Caption-style text data:
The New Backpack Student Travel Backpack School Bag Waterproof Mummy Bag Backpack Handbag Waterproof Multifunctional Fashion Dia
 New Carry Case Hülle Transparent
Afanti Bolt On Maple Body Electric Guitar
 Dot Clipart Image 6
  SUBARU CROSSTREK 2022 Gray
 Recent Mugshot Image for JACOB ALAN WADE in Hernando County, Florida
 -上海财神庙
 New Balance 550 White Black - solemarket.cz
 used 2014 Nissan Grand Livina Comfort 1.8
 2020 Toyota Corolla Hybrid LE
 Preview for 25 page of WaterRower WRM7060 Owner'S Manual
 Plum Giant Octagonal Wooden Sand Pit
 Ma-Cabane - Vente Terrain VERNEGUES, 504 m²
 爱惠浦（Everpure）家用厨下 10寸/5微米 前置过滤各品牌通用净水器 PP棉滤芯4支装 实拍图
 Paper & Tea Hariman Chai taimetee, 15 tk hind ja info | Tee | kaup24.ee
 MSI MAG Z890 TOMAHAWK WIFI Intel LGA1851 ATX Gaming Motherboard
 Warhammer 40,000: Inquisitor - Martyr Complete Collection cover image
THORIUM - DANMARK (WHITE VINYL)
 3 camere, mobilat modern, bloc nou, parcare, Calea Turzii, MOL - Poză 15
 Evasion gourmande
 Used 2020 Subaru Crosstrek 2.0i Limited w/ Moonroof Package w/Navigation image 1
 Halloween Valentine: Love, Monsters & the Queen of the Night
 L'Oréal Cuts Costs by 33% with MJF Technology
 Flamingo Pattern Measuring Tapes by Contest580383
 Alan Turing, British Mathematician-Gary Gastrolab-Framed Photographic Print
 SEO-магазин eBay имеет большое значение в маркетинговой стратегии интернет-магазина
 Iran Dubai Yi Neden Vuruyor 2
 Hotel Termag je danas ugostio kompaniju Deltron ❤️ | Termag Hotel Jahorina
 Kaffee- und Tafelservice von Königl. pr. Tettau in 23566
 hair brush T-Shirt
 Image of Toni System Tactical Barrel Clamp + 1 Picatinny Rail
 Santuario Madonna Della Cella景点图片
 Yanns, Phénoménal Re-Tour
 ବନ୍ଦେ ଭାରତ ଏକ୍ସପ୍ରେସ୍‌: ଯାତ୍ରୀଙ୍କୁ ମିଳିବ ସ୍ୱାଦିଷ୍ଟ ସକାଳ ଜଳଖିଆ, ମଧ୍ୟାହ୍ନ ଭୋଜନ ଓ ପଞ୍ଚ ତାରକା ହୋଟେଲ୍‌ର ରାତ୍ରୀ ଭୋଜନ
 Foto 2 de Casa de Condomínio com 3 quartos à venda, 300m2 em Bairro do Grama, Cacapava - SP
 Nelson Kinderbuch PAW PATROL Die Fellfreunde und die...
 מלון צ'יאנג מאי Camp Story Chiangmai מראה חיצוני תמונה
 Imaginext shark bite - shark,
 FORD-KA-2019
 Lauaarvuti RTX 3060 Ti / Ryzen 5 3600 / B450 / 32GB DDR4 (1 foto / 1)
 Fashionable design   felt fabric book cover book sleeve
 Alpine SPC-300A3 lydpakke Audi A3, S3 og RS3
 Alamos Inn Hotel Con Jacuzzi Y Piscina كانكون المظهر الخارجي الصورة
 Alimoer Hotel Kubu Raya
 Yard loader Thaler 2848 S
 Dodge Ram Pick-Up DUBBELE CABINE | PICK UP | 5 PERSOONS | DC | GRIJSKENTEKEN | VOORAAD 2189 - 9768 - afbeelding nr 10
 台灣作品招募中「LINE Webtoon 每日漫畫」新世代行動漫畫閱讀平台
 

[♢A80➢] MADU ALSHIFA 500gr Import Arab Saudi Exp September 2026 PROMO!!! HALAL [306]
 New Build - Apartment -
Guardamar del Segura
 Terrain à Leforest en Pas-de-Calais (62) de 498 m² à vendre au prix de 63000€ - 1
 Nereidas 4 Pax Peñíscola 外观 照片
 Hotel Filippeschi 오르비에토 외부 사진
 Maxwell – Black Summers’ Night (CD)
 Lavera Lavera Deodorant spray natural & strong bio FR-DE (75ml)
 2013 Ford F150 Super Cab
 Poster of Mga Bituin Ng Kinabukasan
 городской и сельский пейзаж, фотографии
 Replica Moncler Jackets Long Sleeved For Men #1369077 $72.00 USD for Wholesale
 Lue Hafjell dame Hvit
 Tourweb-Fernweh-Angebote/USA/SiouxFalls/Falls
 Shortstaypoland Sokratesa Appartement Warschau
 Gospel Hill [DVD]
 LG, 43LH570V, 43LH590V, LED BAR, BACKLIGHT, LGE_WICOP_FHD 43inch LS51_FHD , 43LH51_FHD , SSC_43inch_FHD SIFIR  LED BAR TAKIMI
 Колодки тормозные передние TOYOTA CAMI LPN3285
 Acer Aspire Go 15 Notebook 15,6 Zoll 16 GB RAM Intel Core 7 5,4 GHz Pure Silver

**Work to complete:**
Only the line containing "Колодки тормозные передние" and the lines after it, up to and including the last line of the data, should appear in the answer, exactly as written.

**Solution below:**
 Колодки тормозные передние TOYOTA CAMI LPN3285
 Acer Aspire Go 15 Notebook 15,6 Zoll 16 GB RAM Intel Core 7 5,4 GHz Pure Silver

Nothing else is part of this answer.